People’s War: Maoism states that in order to achieve a successful revolution, the vanguard must be aware of the needs of the masses, and their needs must be factored into how the revolution takes place. By meeting the needs of the people, the revolution therefore becomes a revolution by, and for the people. According to Mao, people’s war, often as guerrilla warfare, undergoes three stages. In the first stage, the revolutionary forces begin mobilizing in remote areas in order to establish its base. Once the movement is able to gain more momentum, it continues to establish other bases throughout the area, its influence is spread throughout the countryside, gaining support through reforms and revolutionary activity. The third stage is then to capture small cities, then larger cities, then finally take on the entire country and the bourgeoisie, all meanwhile backed by the masses.

Historically, and even in more modern situations, people’s war has relied extensively on the peasantry. The proletariat is the only force capable of fully leading the revolution; the peasantry is a valuable ally, but Hoxha criticized Mao’s conception of a peoples war for cementing power for the peasantry and not the proletariat. The Marxist-Leninist approach of revolution therefore is an uprising that occurs simultaneously with the cities and countryside. Hoxha furthermore stressed that the people themselves train in using weapons in order to defend the country, and therefore military ranks were abolished, arms were distributed, and so forth.

“In accord with the concrete conditions of a country and the situations in general, the armed uprising may be a sudden outburst or a more protracted revolutionary process, but not, an endless one without perspective, as advocated by Mao Tsetung’s ,”theory of protracted people’s war”. If you compare the teachings of Marx, Engels, Lenin and Stalin on the revolutionary armed insurrection with Mao’s theory on -people’s war-, the anti-Marxist, anti-Leninist, anti-scientific character of this theory becomes clearly apparent. The Marxist-Leninist teachings on the armed insurrection are based on the close combination of the struggle in the city with that in the countryside under the leadership of the working class and its revolutionary party. Being opposed to the leading role of the proletariat in the revolution, the Maoist theory considers the countryside as the only base of the armed insurrection and neglects the armed struggle of the working masses in the town. It preaches that the countryside must keep the city, which is considered as the stronghold of the counterrevolutionary bourgeoisie, besieged. This is an expression of distrust in the working class, the negation of its hegemonic role. While adhering unwaveringly to the teachings of Marxism-Leninism on the violent revolution as a universal law, the revolutionary party of the working class is resolutely opposed to adventurism and never plays with armed insurrection. In all conditions and circumstances, it carries out an unceasing revolutionary struggle and activity in various forms, in order to prepare itself and the masses for the decisive battles in the revolution, for the overthrow of the rule of the bourgeoisie with revolutionary violence. But only when the revolutionary situation has fully matured does it put armed insurrection directly on the order of the day and take all the political, ideological, organizational and military measures to carry it through to victory” (Enver Hoxha, Imperialism and Revolution).

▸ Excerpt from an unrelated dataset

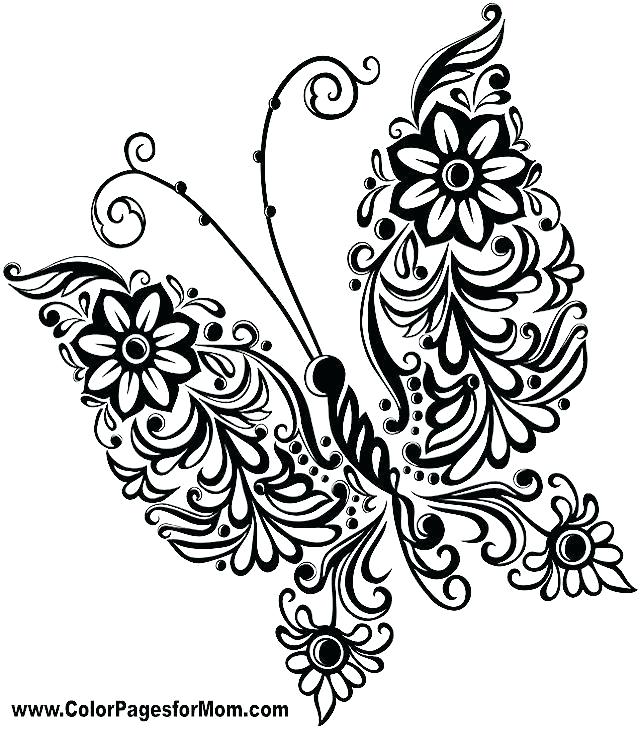 640x729 Butterfly Life Cycle Coloring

Mass Line: The mass line makes analysis of what the people need, what is on their minds, and so forth, and then takes those needs and gives a Marxist approach in order to help the masses understand their class interests. The mass line theory is indeed Marxist, but the problem is that Maoists seem to attribute the theory in it’s entirety to Mao. All Marxists have supported the same ideas, and the very idea of going to the masses can be attributed as early on as Marx himself.